[Collected data]:

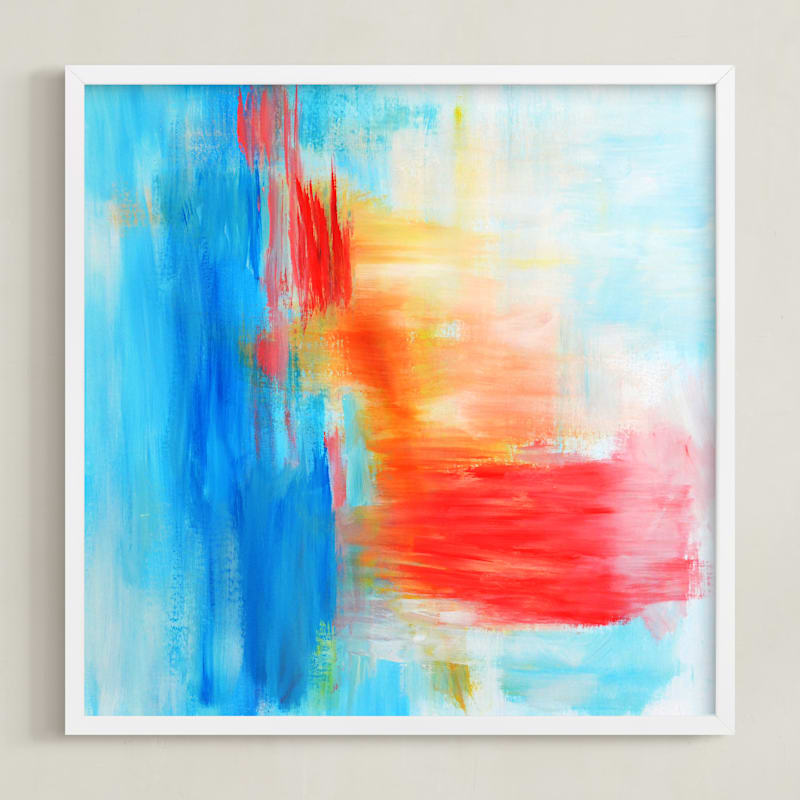 "Dalliance" - Art Print in Blue Malibu by Artsy Canvas Girl Designs - Framed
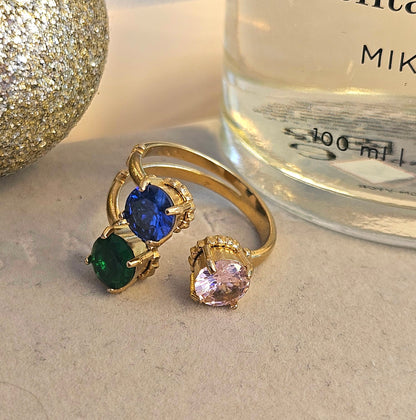 Bague 3 cristaux colores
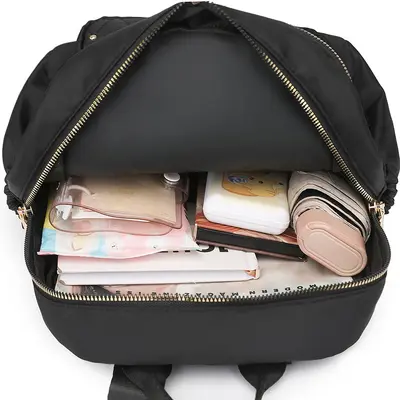 Oxford Cloth Women's Backpack, Diamond-Quilted Nylon, Small Travel Backpack - 5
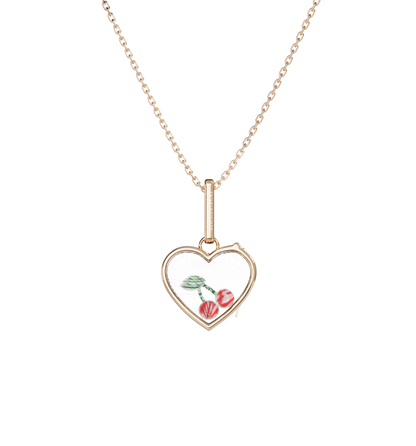 Necklace set | Small Heart Locket Necklace Rose Gold w Cherry Charm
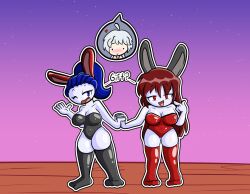 airi_void bell_nova black_bunny_ears black_bunnysuit blue_eyes blue_hair canon_couple fnf fnf_mod fnf_mods friday_night_funkin friday_night_funkin_mod fumi_void heart ponytail red_bunny_ears red_bunnysuit red_eyes smile staring_at_viewer text white_skin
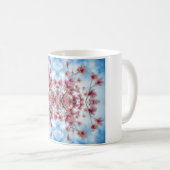Rosa blaues Blumenmuster Kaffeetasse (VorderseiteRechts)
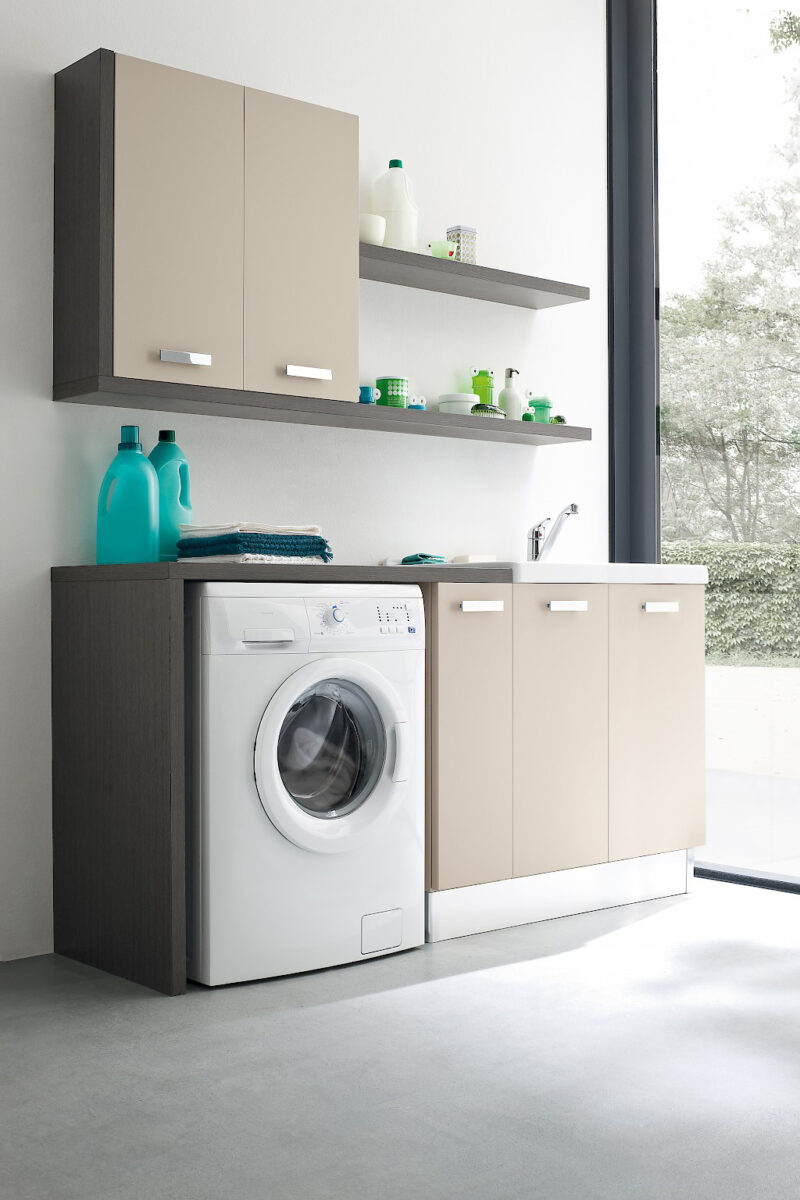 L016 - Mobile lavanderia L 169 x P 51/20,8 cm personalizzabile COMPAB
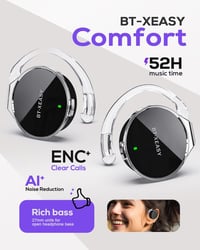 Micool Bluetooth 5.4 Nyitott Fülhallgató Zajszűrés, Vízálló Sport Headset 4 Mikrofonnal 5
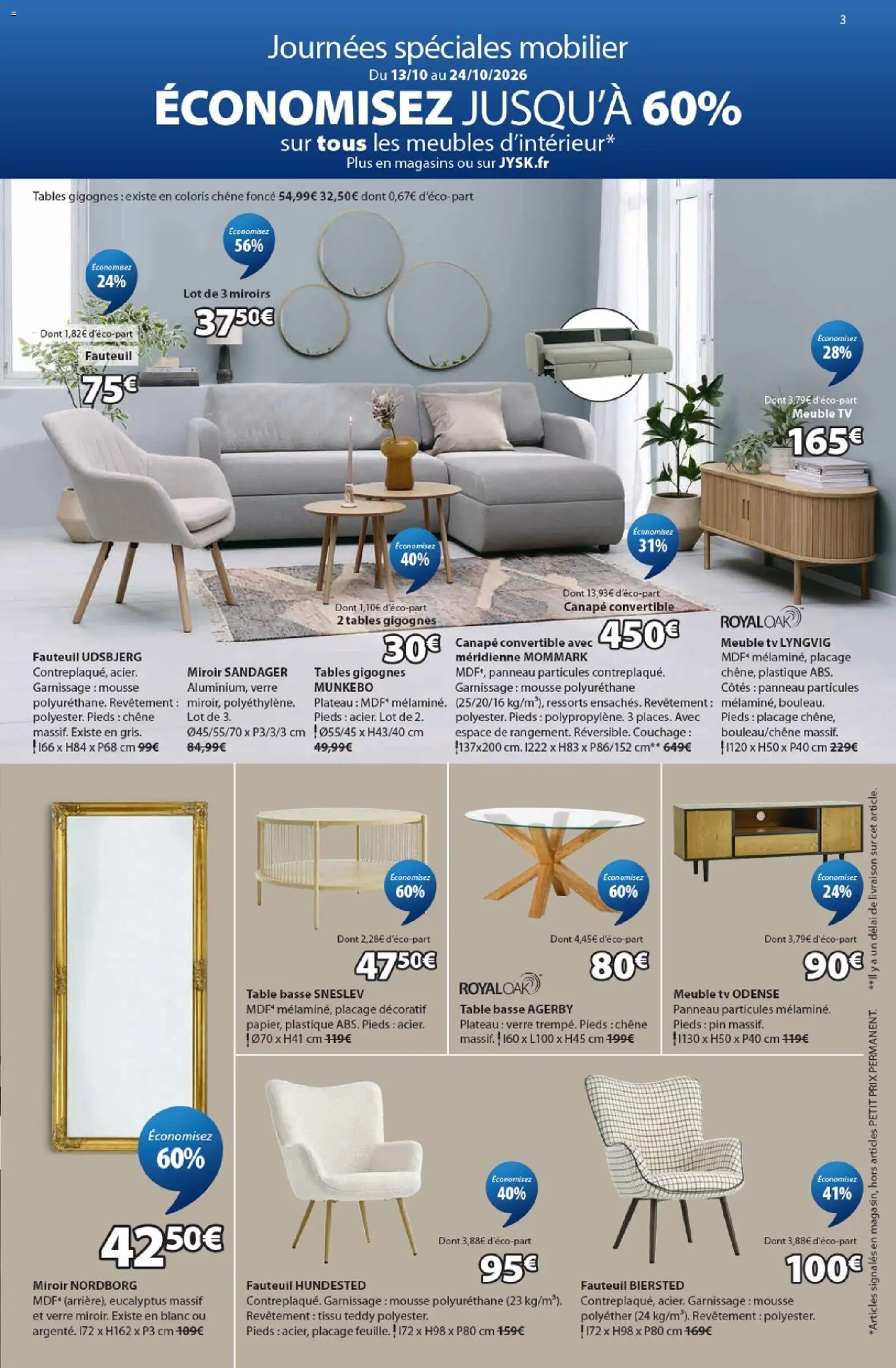 Prévisualisation de Jysk Offres du magasin Jysk formulaire valide 01/09/2026 - Table basse, Canapé convertible, Canapé, Fauteuil, Miroir, Meuble, Table, Tables gigognes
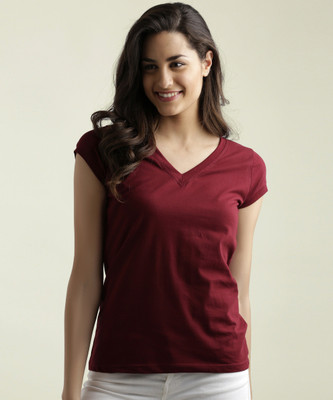 Miss Chase Casual Cap Sleeve Solid Women Maroon Top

[Problem statement]: Reproduce every record above word for word. Leave the pictures out.

[The answer]:
 "Dalliance" - Art Print in Blue Malibu by Artsy Canvas Girl Designs - Framed
 Bague 3 cristaux colores
 Oxford Cloth Women's Backpack, Diamond-Quilted Nylon, Small Travel Backpack - 5
 Necklace set | Small Heart Locket Necklace Rose Gold w Cherry Charm
 airi_void bell_nova black_bunny_ears black_bunnysuit blue_eyes blue_hair canon_couple fnf fnf_mod fnf_mods friday_night_funkin friday_night_funkin_mod fumi_void heart ponytail red_bunny_ears red_bunnysuit red_eyes smile staring_at_viewer text white_skin
Rosa blaues Blumenmuster Kaffeetasse (VorderseiteRechts)
 L016 - Mobile lavanderia L 169 x P 51/20,8 cm personalizzabile COMPAB
 Micool Bluetooth 5.4 Nyitott Fülhallgató Zajszűrés, Vízálló Sport Headset 4 Mikrofonnal 5
 Prévisualisation de Jysk Offres du magasin Jysk formulaire valide 01/09/2026 - Table basse, Canapé convertible, Canapé, Fauteuil, Miroir, Meuble, Table, Tables gigognes
 Miss Chase Casual Cap Sleeve Solid Women Maroon Top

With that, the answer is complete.